Dave Hansen pointed those out in a previuos patch serie, here is the
quote:

> CXL devices will have normal RAM on them, be exposed as "System RAM" and
> they won't have encryption capabilities. I think these devices were
> probably the main motivation for EFI_MEMORY_CPU_CRYPTO.

2022-05-06 08:11:47

by Borislav Petkov

[permalink] [raw]
Subject: Re: [PATCH v8 0/8] x86: Show in sysfs if a memory node is able to do encryption

On Fri, Apr 29, 2022 at 05:17:09PM -0300, Martin Fernandez wrote:
> Show for each node if every memory descriptor in that node has the
> EFI_MEMORY_CPU_CRYPTO attribute.
>
> fwupd project plans to use it as part of a check to see if the users
> have properly configured memory hardware encryption
> capabilities. fwupd's people have seen cases where it seems like there
> is memory encryption because all the hardware is capable of doing it,
> but on a closer look there is not, either because of system firmware
> or because some component requires updating to enable the feature.
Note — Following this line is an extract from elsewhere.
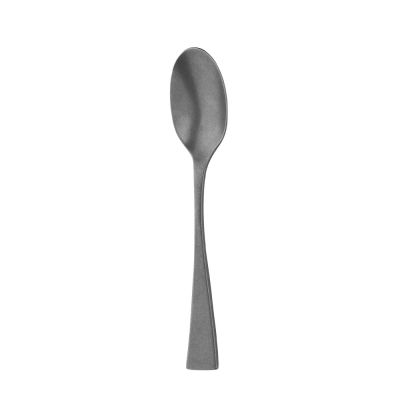 LEXIA OVAL BOWL SOUP/DESSERT SPOON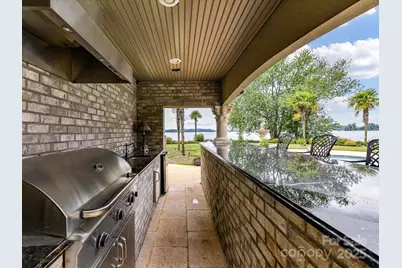 18201 Mainsail Pointe Drive, Cornelius, NC 28031 - Photo 39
Hm, so in the sysfs patch you have:

+ This value is 1 if all system memory in this node is
+ capable of being protected with the CPU's memory
+ cryptographic capabilities.

So this says the node is capable - so what is fwupd going to report -
that the memory is capable?

From your previous paragraph above it sounds to me like you wanna
say whether memory encryption is active or not, not that the node is
capable.

Or what is the use case?

> It's planned to make it part of a specification that can be passed to
> people purchasing hardware

So people are supposed to run that fwupd on that new hw to check whether
they can use memory encryption?

> These checks will run at every boot. The specification is called Host
> Security ID: https://fwupd.github.io/libfwupdplugin/hsi.html.
>
> We choosed to do it a per-node basis because although an ABI that
> shows that the whole system memory is capable of encryption would be
> useful for the fwupd use case, doing it in a per-node basis gives also
> the capability to the user to target allocations from applications to
> NUMA nodes which have encryption capabilities.
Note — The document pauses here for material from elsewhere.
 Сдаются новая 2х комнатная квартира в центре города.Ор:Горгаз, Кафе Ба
That's another hmmm: what systems do not do full system memory
encryption and do only per-node?

From those I know, you encrypt the whole memory on the whole system and
that's it. Even if it is a hypervisor which runs a lot of guests, you
still want the hypervisor itself to run encrypted, i.e., what's called
SME in AMD's variant.

Thx.

--
Regards/Gruss,
Boris.

https://people.kernel.org/tglx/notes-about-netiquette

2022-05-07 05:27:07

by Dave Hansen

[permalink] [raw]
Subject: Re: [PATCH v8 0/8] x86: Show in sysfs if a memory node is able to do encryption

On 5/6/22 11:25, Boris Petkov wrote:
> On May 6, 2022 6:14:00 PM UTC, Dave Hansen <[email protected]>
> wrote:
>> But, this interface will *work* both for the uniform and
>> non-uniform systems alike.
> And what would that additional information that some "node" -
> whatever "node" means nowadays - is not encrypted give you?

Tying it to the node ties it to the NUMA ABIs. For instance, it lets
you say: "allocate memory with encryption capabilities" with a
set_mempolicy() to nodes that are enumerated as encryption-capable.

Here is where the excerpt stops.